Example of a JOIN Query

Once the configuration is set up correctly, you can easily join the target’s Transactions table with the remote foreign_products:

SELECT   
    t.transaction_id,  
    f.product_name,   
    f.category,    
    t.quantity,       
    t.total_price,      
    t.transaction_date  
FROM      
    transactions t 
JOIN   
    foreign_products f
ON    
    t.product_id = f.product_id
WHERE    
    f.category = 'Electronics';

Fields such as f.product_name and f.category come from the Aurora table in real time.
t.transaction_date is a local column in the target (Transactions) table.

This makes it straightforward to leverage the latest source database information on the target side.

Sample Results (Excerpt)

            transaction_id            | product_name |  category   | quantity | total_price |  transaction_date   
--------------------------------------+--------------+-------------+----------+-------------+---------------------
 f8b8b097-75ce-47e6-8fb8-42adbf3456fc | Growth       | Electronics |        4 |      421.16 | 2025-01-02 21:57:27
 8b8a1390-6f24-4d07-9239-adc5df9ab92e | Lose         | Electronics |        6 |      448.08 | 2025-01-03 03:29:54
 86386a4b-4eda-4ff4-9854-87b65d58e3aa | Without      | Electronics |        7 |     2537.57 | 2025-01-01 20:44:28
 203291b1-24af-443e-ad34-092151a99c61 | Wonder       | Electronics |        8 |     2098.00 | 2025-01-02 14:48:15
 fd75b3fa-f564-4599-9faf-c29dd42f82e3 | How          | Electronics |        3 |     1176.63 | 2025-01-02 15:22:55
 42a281a5-de30-4bf2-b528-bd3b942e35b6 | Pattern      | Electronics |        2 |      186.56 | 2025-01-01 06:54:58
 03a7c005-9f1c-46ca-b102-352dd0ed32ae | Win          | Electronics |        6 |     2955.60 | 2025-01-01 13:39:38
 6bc0bdd8-0d9e-47a8-853a-69ac235ca983 | Successful   | Electronics |        2 |      986.18 | 2025-01-02 23:59:29
 aaffdb6e-dbd1-4f33-a788-d62bdbf012bd | Every        | Electronics |        1 |      184.57 | 2025-01-02 07:48:06
 76f0a5db-297a-42fc-b8e6-d0e874031471 | Sing         | Electronics |        3 |     1426.11 | 2025-01-03 02:17:25
 b1dd0e57-4b49-413c-9514-aeb879200138 | Paper        | Electronics |        5 |      481.60 | 2025-01-01 04:53:51
 23f60790-6cb8-4c67-8c2c-60afe30289fb | Teacher      | Electronics |        6 |      429.30 | 2025-01-02 21:37:51
 638f7951-7a70-4da5-b87d-41e681143811 | Society      | Electronics |        3 |      302.22 | 2025-01-04 04:47:11

Performance

In PostgreSQL’s Foreign Data Wrapper (FDW), there is no built-in caching mechanism. Each time you access a foreign table, a query is sent to the remote database (the server configured for FDW) to retrieve the latest data.

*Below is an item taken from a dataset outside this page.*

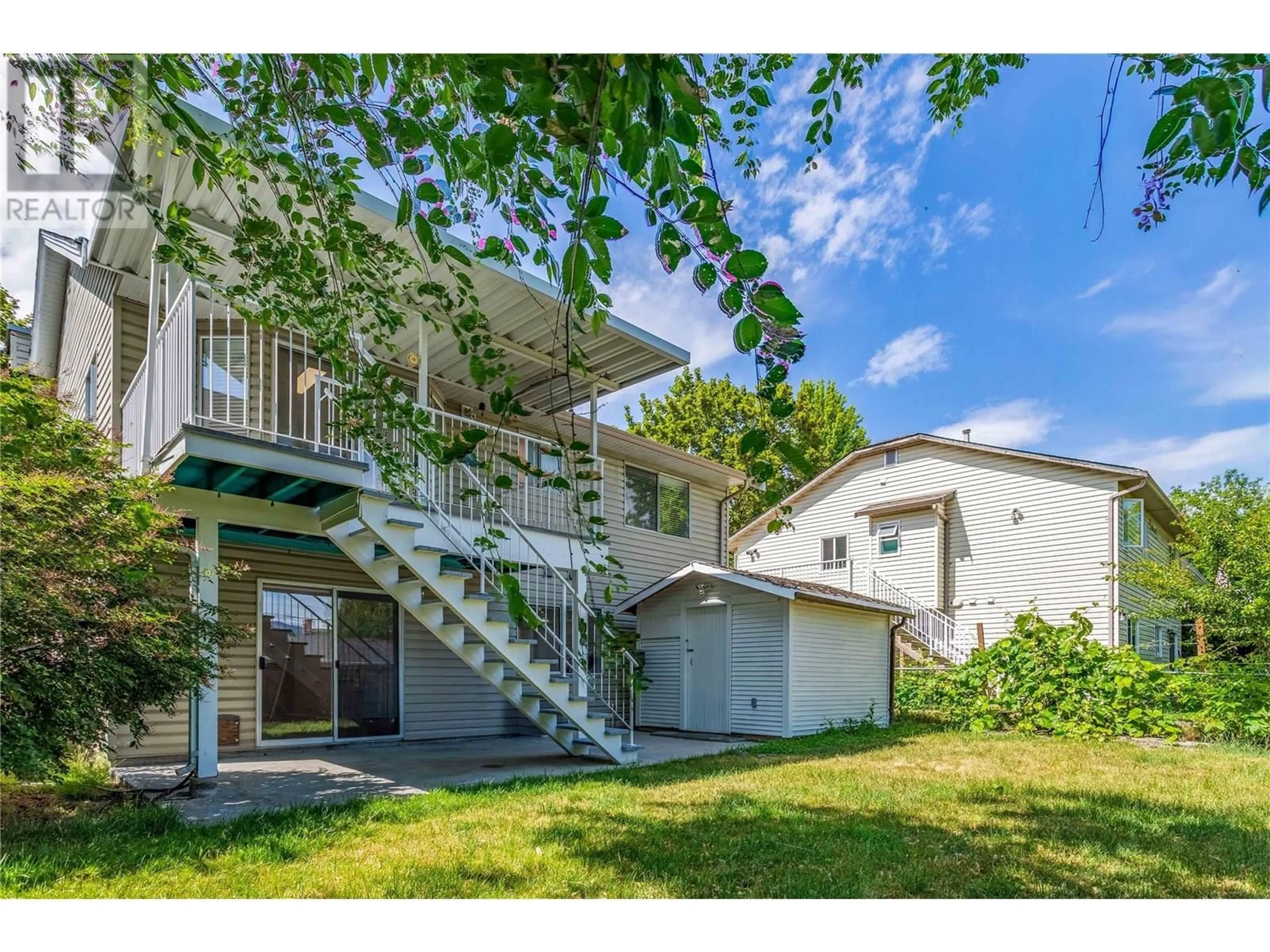 Unknown for 1887 MILLARD COURT EAST, Kelowna British Columbia V1V1R2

Below are some performance measurements taken when retrieving data within the same AWS Region. The following query yielded these results:

(5987 rows) Time: 1094.468 ms (00:01.094)

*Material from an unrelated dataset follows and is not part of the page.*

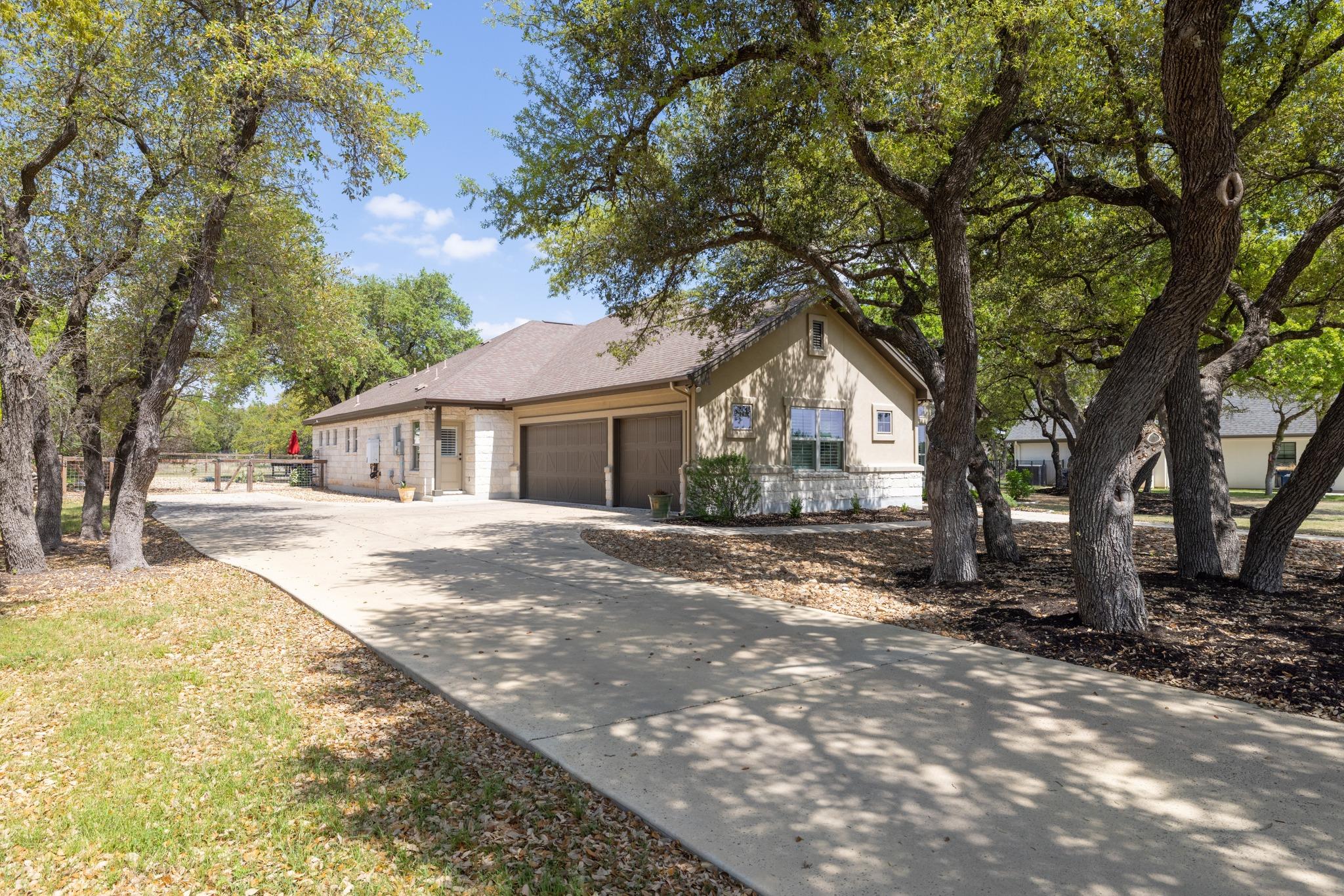 909 Highland Spring Ln, Georgetown, TX 78633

Overall, this performance is quite good and can be considered practical for real-world use.

Tuning 1

PostgreSQL Foreign Data Wrapper (FDW) can push parts of query planning to the remote database to streamline communication. This is often referred to as query pushdown. Thanks to pushdown, not all data must be retrieved every time.

Pushdown Explained

FDW minimizes unnecessary data transfer by sending parts of the query to the remote database. For instance:

WHERE clauses
LIMIT
Some JOIN conditions
Queries that select only specific columns (SELECT column_name)

Query Optimization Tuning

Sample Query

To illustrate room for improvement, let’s consider a less optimal SQL query:

SELECT 
    p1.product_name,
    SUM(t.quantity) AS total_sold
FROM   
    transactions t 
JOIN (    
    SELECT 
        * 
    FROM
        foreign_products ) p1
ON
    t.product_id = p1.product_id 
WHERE 
    t.transaction_date >= '2022-01-01' 
AND  
    p1.category = 'Electronics'
AND  
    p1.product_id 
IN (
    SELECT
        product_id
    FROM
        foreign_products   
    WHERE 
        stock > 10
 )
GROUP BY
    p1.product_name;

(830 rows) Time: 531.426 ms

Although not terrible, it can be improved. Let’s analyze the query plan via EXPLAIN VERBOSE (sql)

Problem Analysis

Double Scanning of the Remote Table

The remote table foreign_products is being scanned twice:

First scan:

SELECT 
    product_id,
    product_name
FROM
    public.products 
WHERE
    ((category = 'Electronics'))

- Retrieves 6 rows for `category = 'Electronics'`.

Second scan:

SELECT
    product_id 
FROM 
    public.products 
WHERE
     ((stock > 10))

- Retrieves 683 rows for `stock > 10`.

Problem:

- The remote SQL is executed twice, increasing the communication cost with the remote database.
- Data is unnecessarily processed by a local Hash Join.

Unnecessary Local Processing

- There is a local Hash Join happening.
- Conditions like `category` and `stock` that could be handled remotely are instead processed locally, reducing efficiency.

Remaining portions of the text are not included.